The data —
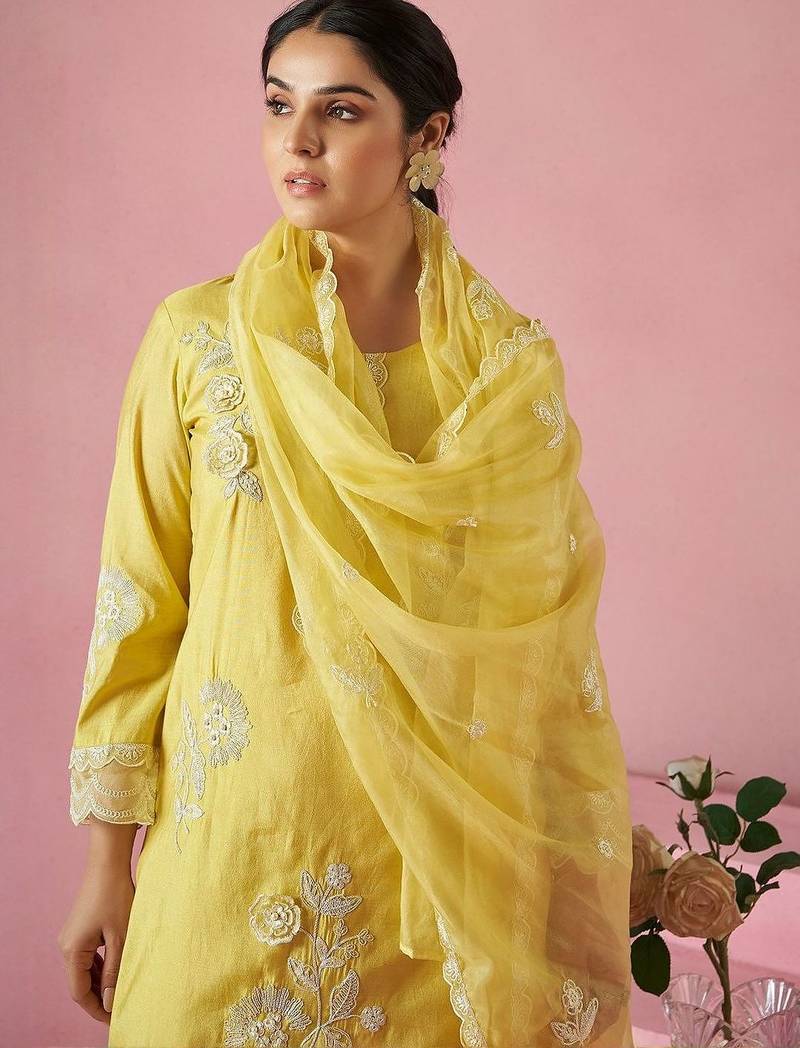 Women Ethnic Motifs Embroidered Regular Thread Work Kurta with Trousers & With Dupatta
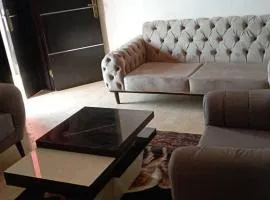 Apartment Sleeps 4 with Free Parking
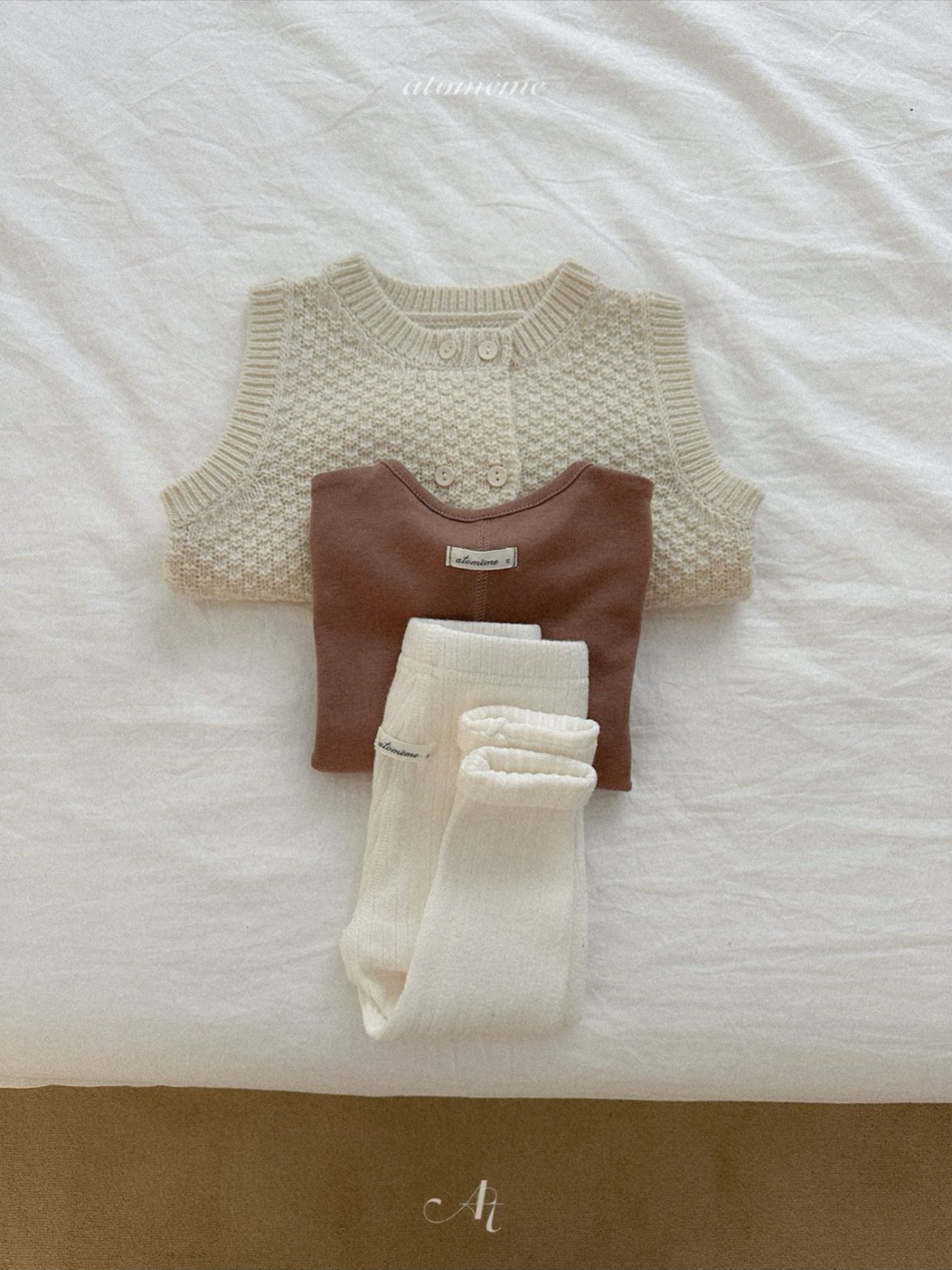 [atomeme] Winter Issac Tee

==

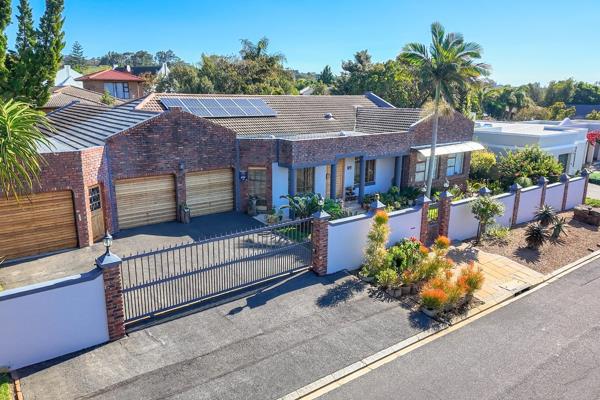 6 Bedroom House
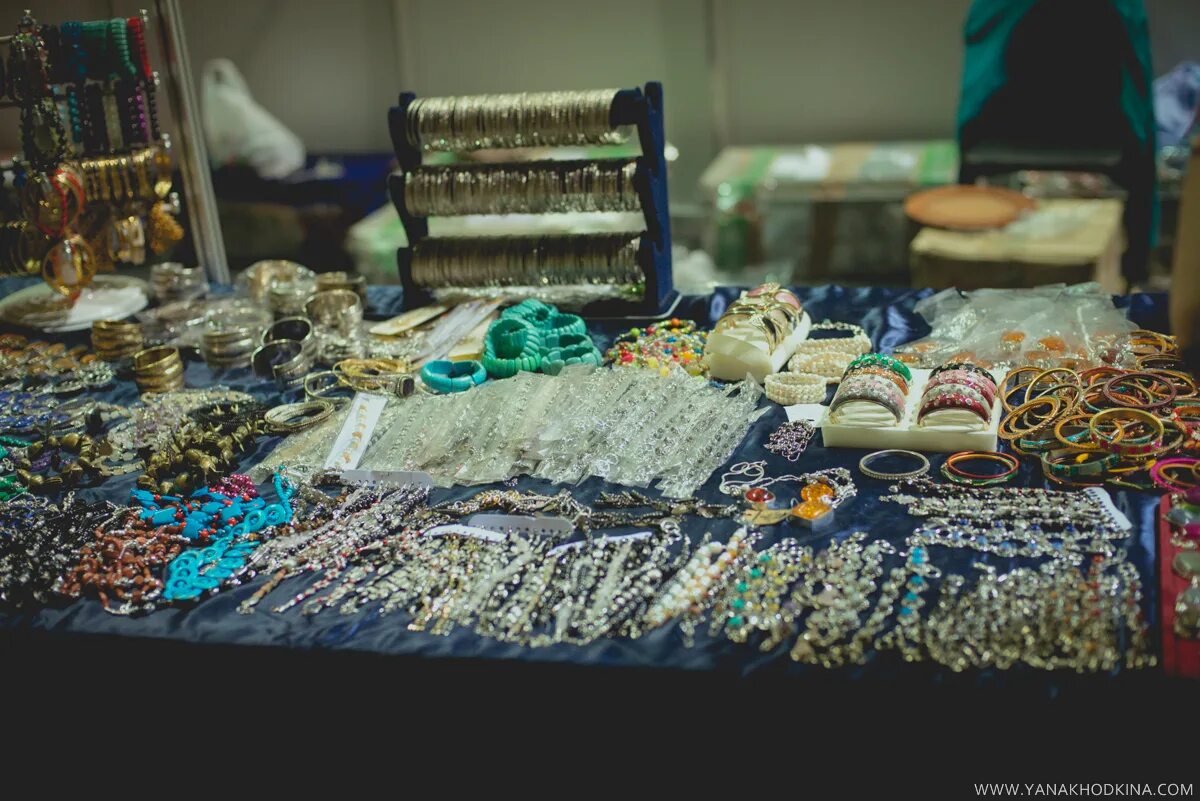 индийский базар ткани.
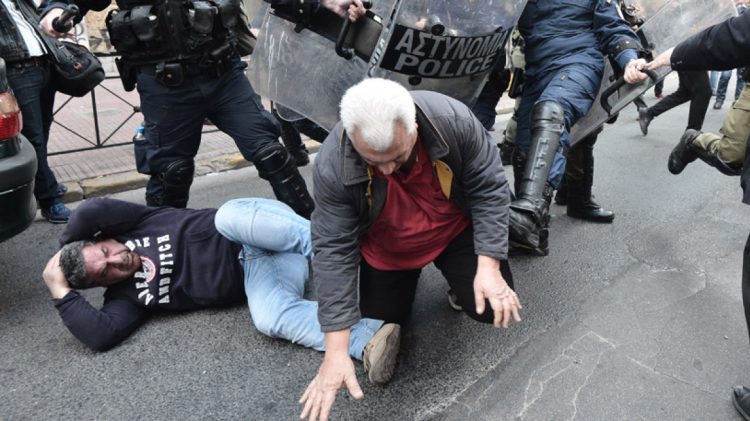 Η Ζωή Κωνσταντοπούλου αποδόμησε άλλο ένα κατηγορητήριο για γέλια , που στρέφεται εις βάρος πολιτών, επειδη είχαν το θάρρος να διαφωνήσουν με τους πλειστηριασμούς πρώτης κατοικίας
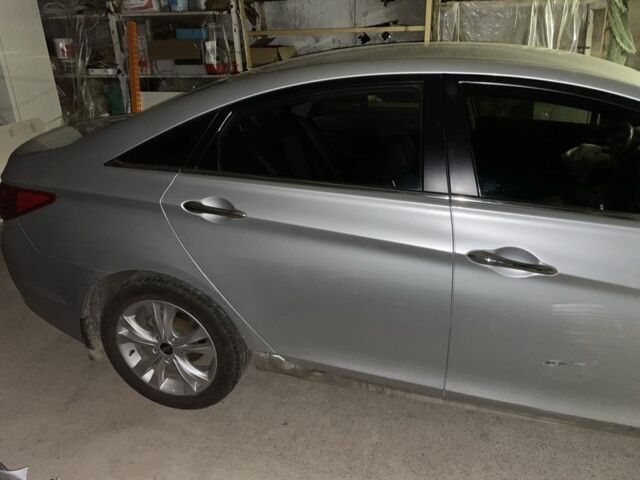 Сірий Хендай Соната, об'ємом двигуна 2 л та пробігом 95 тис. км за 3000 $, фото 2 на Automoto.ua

==

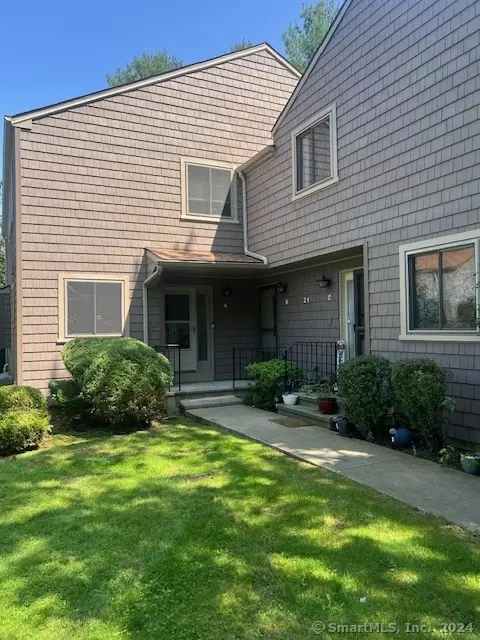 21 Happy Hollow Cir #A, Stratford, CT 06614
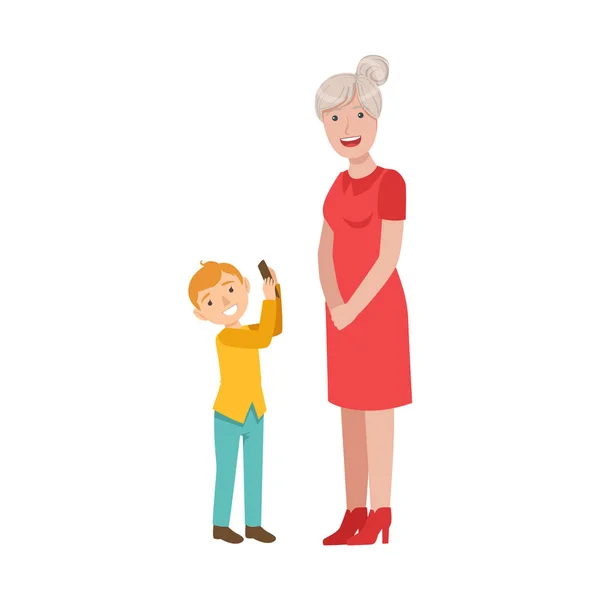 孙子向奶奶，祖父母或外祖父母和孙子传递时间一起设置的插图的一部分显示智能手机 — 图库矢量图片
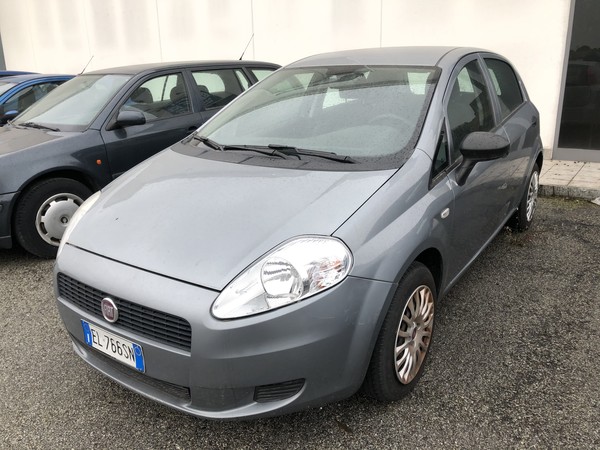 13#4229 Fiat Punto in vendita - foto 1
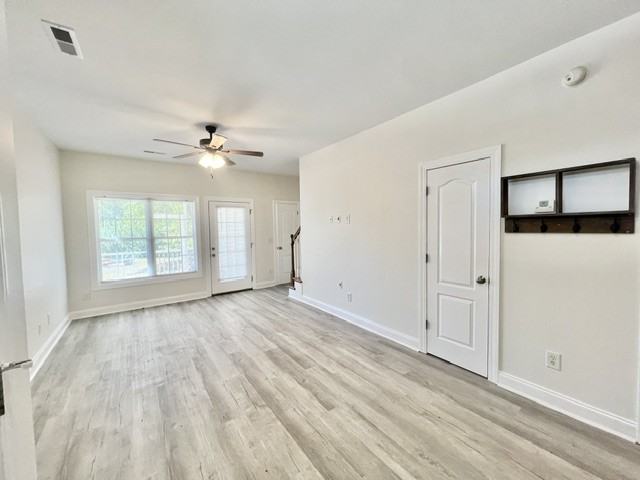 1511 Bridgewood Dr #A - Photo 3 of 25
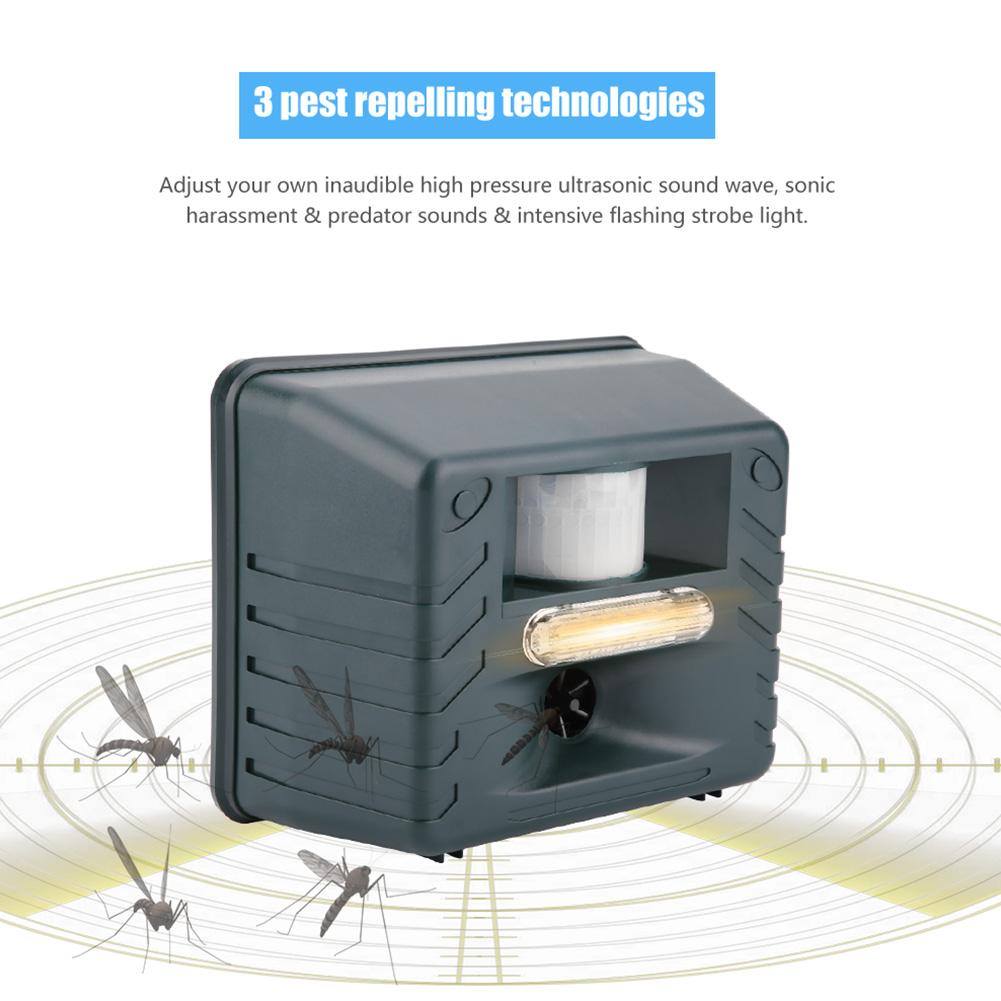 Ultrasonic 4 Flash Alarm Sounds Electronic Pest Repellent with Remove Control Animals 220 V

Problem to solve —
The copy should hold exactly the lines above from the one with "Apartment Sleeps 4 with Free Parking" through the one with "[atomeme] Winter Issac Tee", both ends counted, and no pictures at all.

Answer to this task —
 Apartment Sleeps 4 with Free Parking
 [atomeme] Winter Issac Tee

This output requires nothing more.